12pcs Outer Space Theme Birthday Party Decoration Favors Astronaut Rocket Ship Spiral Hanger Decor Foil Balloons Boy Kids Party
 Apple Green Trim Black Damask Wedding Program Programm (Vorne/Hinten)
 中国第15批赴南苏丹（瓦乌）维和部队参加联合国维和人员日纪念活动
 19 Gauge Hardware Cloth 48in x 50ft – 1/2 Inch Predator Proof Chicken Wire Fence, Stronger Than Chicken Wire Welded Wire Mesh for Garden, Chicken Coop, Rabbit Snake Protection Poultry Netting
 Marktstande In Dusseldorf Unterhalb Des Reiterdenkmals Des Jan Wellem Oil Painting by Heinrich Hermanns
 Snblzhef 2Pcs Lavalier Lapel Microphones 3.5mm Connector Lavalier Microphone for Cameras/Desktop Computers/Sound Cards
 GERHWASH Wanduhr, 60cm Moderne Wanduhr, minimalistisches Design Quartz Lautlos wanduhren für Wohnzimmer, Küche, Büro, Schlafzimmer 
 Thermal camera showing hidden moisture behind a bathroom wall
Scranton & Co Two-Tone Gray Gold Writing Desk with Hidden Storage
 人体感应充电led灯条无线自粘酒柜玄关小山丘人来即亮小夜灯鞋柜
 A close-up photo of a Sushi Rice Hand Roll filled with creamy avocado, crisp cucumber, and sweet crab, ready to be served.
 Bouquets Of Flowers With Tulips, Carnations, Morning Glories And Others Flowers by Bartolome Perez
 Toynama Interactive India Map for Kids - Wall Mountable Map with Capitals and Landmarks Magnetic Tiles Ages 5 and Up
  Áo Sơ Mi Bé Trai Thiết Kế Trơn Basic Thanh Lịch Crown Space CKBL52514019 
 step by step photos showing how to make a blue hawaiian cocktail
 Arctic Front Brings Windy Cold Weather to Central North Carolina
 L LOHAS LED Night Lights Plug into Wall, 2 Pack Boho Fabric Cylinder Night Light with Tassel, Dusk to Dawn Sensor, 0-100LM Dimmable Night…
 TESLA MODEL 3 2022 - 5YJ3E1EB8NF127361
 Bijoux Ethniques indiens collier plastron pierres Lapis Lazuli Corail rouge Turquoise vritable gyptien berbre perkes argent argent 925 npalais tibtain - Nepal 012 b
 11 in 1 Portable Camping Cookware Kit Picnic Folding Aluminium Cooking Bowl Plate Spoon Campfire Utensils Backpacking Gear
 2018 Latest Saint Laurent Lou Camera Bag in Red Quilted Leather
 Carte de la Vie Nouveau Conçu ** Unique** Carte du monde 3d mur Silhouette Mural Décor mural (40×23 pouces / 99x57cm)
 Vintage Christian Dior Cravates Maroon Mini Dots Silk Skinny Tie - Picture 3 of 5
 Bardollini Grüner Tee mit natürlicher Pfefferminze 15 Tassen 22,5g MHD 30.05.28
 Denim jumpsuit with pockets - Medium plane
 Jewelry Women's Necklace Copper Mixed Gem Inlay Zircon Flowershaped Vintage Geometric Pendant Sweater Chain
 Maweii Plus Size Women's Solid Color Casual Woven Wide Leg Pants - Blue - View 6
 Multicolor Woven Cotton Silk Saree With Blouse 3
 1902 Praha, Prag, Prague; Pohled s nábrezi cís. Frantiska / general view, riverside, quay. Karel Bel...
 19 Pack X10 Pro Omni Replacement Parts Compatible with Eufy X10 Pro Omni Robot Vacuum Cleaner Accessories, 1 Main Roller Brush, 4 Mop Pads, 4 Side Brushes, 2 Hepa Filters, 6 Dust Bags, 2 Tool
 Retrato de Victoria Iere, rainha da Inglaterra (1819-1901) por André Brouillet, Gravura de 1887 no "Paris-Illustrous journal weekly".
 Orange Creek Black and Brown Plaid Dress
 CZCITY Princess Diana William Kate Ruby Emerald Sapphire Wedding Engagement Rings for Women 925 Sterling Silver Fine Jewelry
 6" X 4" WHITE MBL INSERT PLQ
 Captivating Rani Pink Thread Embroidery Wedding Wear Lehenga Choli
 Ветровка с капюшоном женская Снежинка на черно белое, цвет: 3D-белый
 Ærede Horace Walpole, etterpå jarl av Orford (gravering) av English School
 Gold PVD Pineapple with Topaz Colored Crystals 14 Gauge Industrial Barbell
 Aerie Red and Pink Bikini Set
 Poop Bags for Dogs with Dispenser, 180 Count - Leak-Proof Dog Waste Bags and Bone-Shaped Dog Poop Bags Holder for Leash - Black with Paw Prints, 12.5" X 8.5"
::::::
» EXERCISE
Say how many of the lines above include the word "Vintage", giving the figure alone.

» RESULT OF THE EXERCISE
2